There are many more operators - here's a list of the most useful ones, together with an example which builds on the one above to provide more information on the file specified by the user.

OPERATOR TESTS WHETHER
-z File exists and is zero bytes in size
-s File exists and is non-zero bytes in size
-r File is readable
-w File is writable
-x File is executable
-T File is text
-B File is binary

And here's a script that demonstrates how you could use these operators to obtain information on any file on your system:

#!/usr/bin/perl

# ask for file path and process it
print "Enter path to file: ";
$path = <STDIN>;
chomp $path;

# test for existence
if (-e $path)
    {
    print "File exists!\n";

# test for size
    if (-z $path)
        {
        print "File is empty.\n";
        }
    else
        {
        print "File is not empty.\n";
        }

# test for read access
    if (-r $path)
        {
        print "File is readable.\n";
        }
    else
        {
        print "File is not readable.\n";
        }

# test for write access
    if (-w $path)
        {
        print "File is writable.\n";
        }
    else
        {
        print "File is not writable.\n";
        }

# test for executable bit
    if (-x $path)
        {
        print "File is executable.\n";
        }
    else
        {
        print "File is not executable.\n";
        }

# test for whether file is text or binary
    if (-T $path)
        {
        print "File is a text file.\n";
        }
    elsif (-B $path)
        {
        print "File is a binary file.\n";
        }

    }
else
    {
    print "File does not exist!\n";
    }

And here's what it might look like:

Enter path to file: /usr/bin/mc
File exists!
File is not empty.
File is readable.
File is not writable.
File is executable.
File is a binary file.

Popguns And Pushpins

If you've been paying attention, you should now know the basics of reading and writing files in Perl.

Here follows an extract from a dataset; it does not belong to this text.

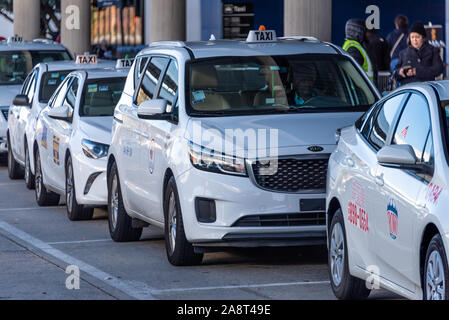 Taxis stehen aufgereiht außerhalb des inländischen Terminals am Internationalen Flughafen Hartsfield-Jackson Atlanta in Atlanta, Georgia. (USA) Stockfoto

And as you've seen, reading a file into an array is a simple and efficient way of getting data from an external file into your Perl program. But once you've got it in, what do you do with it?

Well, over the next couple of pages, we're going to be taking a look at some of Perl's most useful array functions - these babies will let you split, join and re-arrange array elements to your heart - followed by a real-life example that should help you put it all in context.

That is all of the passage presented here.